I would consider it an honor to have you as my neighbor.

God bless you.
Kind regards,
Margie

Occam's Tool| 12.10.10 @ 10:25PM

Mr. marine:

You are welcome in Northern rural Minnesota.

Deborah | 12.11.10 @ 1:58PM

Ret Marine, you bring back memories of my little hometown in Texas. Wish we had more like you

mike| 12.22.10 @ 6:31AM

SIR, I TOO HAVE PURCHASED PROPERTY IN SALMON. EVERY TIME I MAKE A TRIP FROM A STATE SOUTH WEST OF SALMON, I KNOW WHY I NEED TO LIVE THERE. THERE IS A SAYING THAT " WHY DO PEOPLE MOVE TO THE COUNTRY BECAUSE THEY LIKE THE SLOW PACE AND PEACE AND QUITE, THEN TRY TO CHANGE IT? I FELL IN LOVE WITH THE TOWN THE FIRST TIME I WAS THERE. EVERYONE I HAVE MET AND TALKED TO WERE VERY FRIENDLY. AS FOR THE POLITICAL ASPECTS I HAVE NO IDEA. WE WERE TO RETIRE IN 2008, BUT BECAUSE OF A SUDDEN ILLNESS, AND SUBSEQUENT DEATH OF MY WIFE PLANS HAVE CHANGED. ONLY TO BE A TEMPORARY OFFSET. SO PLEASE DON'T THROW ROCKS AT A WHITE GMC TRUCK WITH CALIFORNIA PLATES. I DIDN'T VOTE FOR JERRY BROWN, NOT THIS TIME OR THE OTHER TWO TIMES BEFORE. IT'S BECAUSE OF THE LEFT COAST I NEED TO FIND A NEW HOME! MAY YOUR CHRISTMAS BE WHITE, YOUR FAMILY BE BLESSED AND NOT FORGET THE TRUE MEANING OF CHRISTMAS...MERRY CHRISTMAS

beebop| 12.10.10 @ 6:56AM

Idaho?

What gives? Isn't Ben Stein's occasional column about Sand Point enough?

Just sayin' ...

There are several other candidates for small town cuteness insofar as the lower 48 (or was it 58?). Can someone please write about one of them, please?

Kitty| 12.10.10 @ 9:18AM

I grew up in an Upstate NY village with a population, last I checked, of 545. The small town experience is fairly universal, whether it's in NY or Idaho or Wyoming.

JohnK| 12.10.10 @ 9:45AM

Beebop,
Idaho rules! One of the few remaining conservative bastions of individuality. Our small towns are our pride.

loulou| 12.10.10 @ 10:51AM

If only Idaho could get rid of those neo-Nazis. Why do Idahoans tolerate them in their midst?

Daniel| 12.10.10 @ 10:58AM

How do you know that Idaho has "neo-Nazis"? Have you ever seen one? In an entire state of about a million people, there may be a few, but so what?

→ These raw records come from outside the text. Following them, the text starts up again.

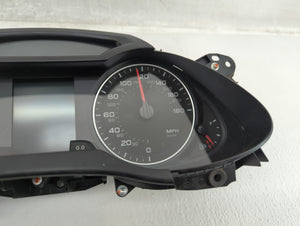 2009 Audi A4 Instrument Cluster Speedometer Gauges P/N:8K0 920 950 A Fits OEM Used Auto Parts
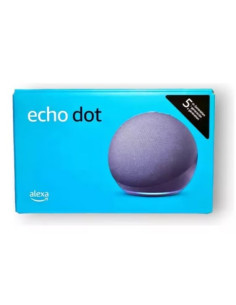 AMAZON ECHO DOT 5 AZUL 2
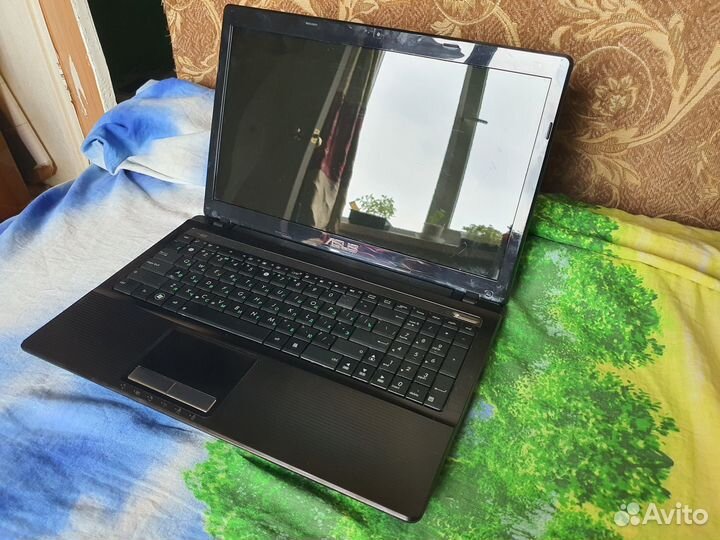 Ноутбук Asus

There are a lot more Jew-haters in New York and Florida.

Stilton| 12.11.10 @ 6:43AM

Sure. Weldon, North Carolina, population 1374 as of the most recent census. about 1/3 white folks, 2/3 black folks and (most) everyone quite neighborly. Weldon's pretty flat so people walk quite a bit down Washington Avenue, the main drag. The *white* churches are clustered together within a two block area and the *black* churches, on the other side of the railroad tracks are similarly clustered. There's an easy openness between the races and if you don't actually know the person you're waiting in line with, you certainly share a mutual friend. Thirty years ago a local fellow of diminished mental capacity robbed one of the two local banks. As he made his get-away he walked through the back of the bank and into a room where a bunch of local businessmen and assorted loafers (my father being one of the latter) were telling stories whilst eating pastry and drinking coffee. The *bank robber* was known by several gentleman in the group, and the local bank branch manager said "John, why don't you just leave the money and gun here and go on home or you're likely to get into trouble." That's the kind of place Weldon is. If you're headed south on I95, after you've crossed into North Carolina keep your eyes open for the junction of I95 and Highway 158. When you exit the Interstate head East and less than 1/2 mile on your left you'll find Ralph's Barbecue which is a fine old style Piedmont pork barbecue restaurant. Prices are good and the fare is excellent.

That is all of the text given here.